[RFC] efi: Add ACPI_MEMORY_NVS into the linear map

Message ID 20240215225116.3435953-1-boqun.feng@gmail.com
State New
Headers
Series [RFC] efi: Add ACPI_MEMORY_NVS into the linear map |

Commit Message

Boqun Feng Feb. 15, 2024, 10:51 p.m. UTC
  Currently ACPI_MEMORY_NVS is omitted from the linear map, which causes
a trouble with the following firmware memory region setup:

	[..] efi:   0x0000dfd62000-0x0000dfd83fff [ACPI Reclaim|...]
	[..] efi:   0x0000dfd84000-0x0000dfd87fff [ACPI Mem NVS|...]

, on ARM64 with 64k page size, the whole 0x0000dfd80000-0x0000dfd8ffff
range will be omitted from the the linear map due to 64k round-up. And
a page fault happens when trying to access the ACPI_RECLAIM_MEMORY:

	[...] Unable to handle kernel paging request at virtual address ffff0000dfd80000

To fix this, add ACPI_MEMORY_NVS into the linear map.

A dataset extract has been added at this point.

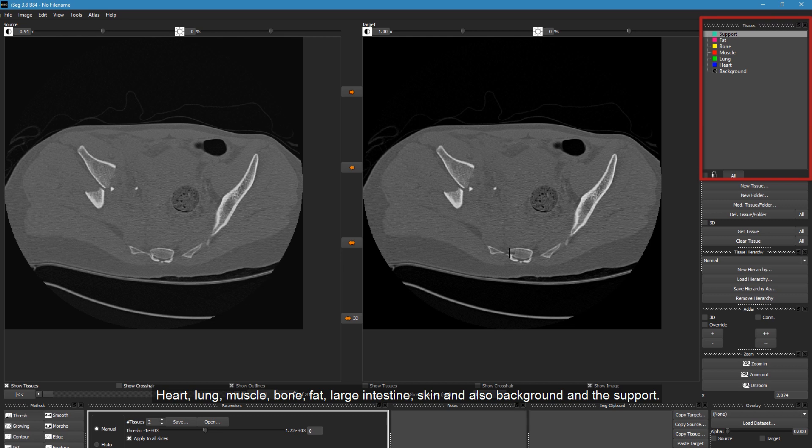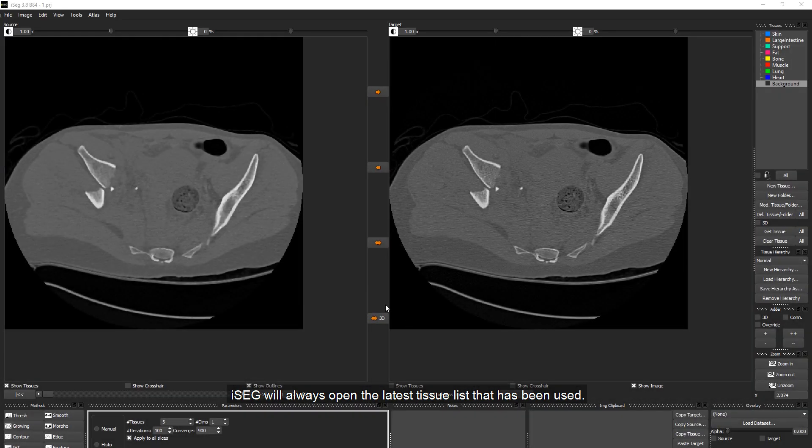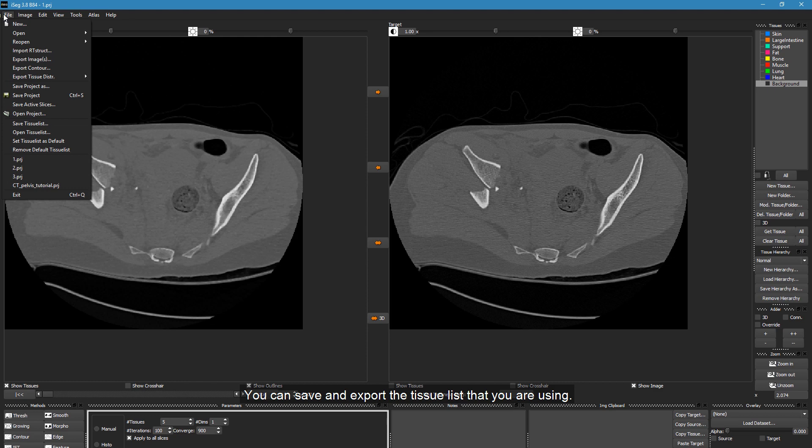We will need the following tissues for this tutorial: Heart, Lung, Muscle, Bone, Fat, Large Intestine, Skin, and also Background and Support. iSEG will always open the latest tissue list that has been used. You can save and export the tissue list that you are using.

Signed-off-by: Boqun Feng <boqun.feng@gmail.com>
Cc: stable@vger.kernel.org # 5.15+
---
We hit this in an ARM64 Hyper-V VM when using 64k page size, although
this issue may also be fixed if the efi memory regions are all 64k
aligned, but I don't find this memory region setup is invalid per UEFI
spec, also I don't find that spec disallows ACPI_MEMORY_NVS to be mapped
in the OS linear map, but if there is any better way or I'm reading the
spec incorrectly, please let me know.

It's Cced stable since 5.15 because that's when Hyper-V ARM64 support is
added, and Hyper-V is the only one that hits the problem so far.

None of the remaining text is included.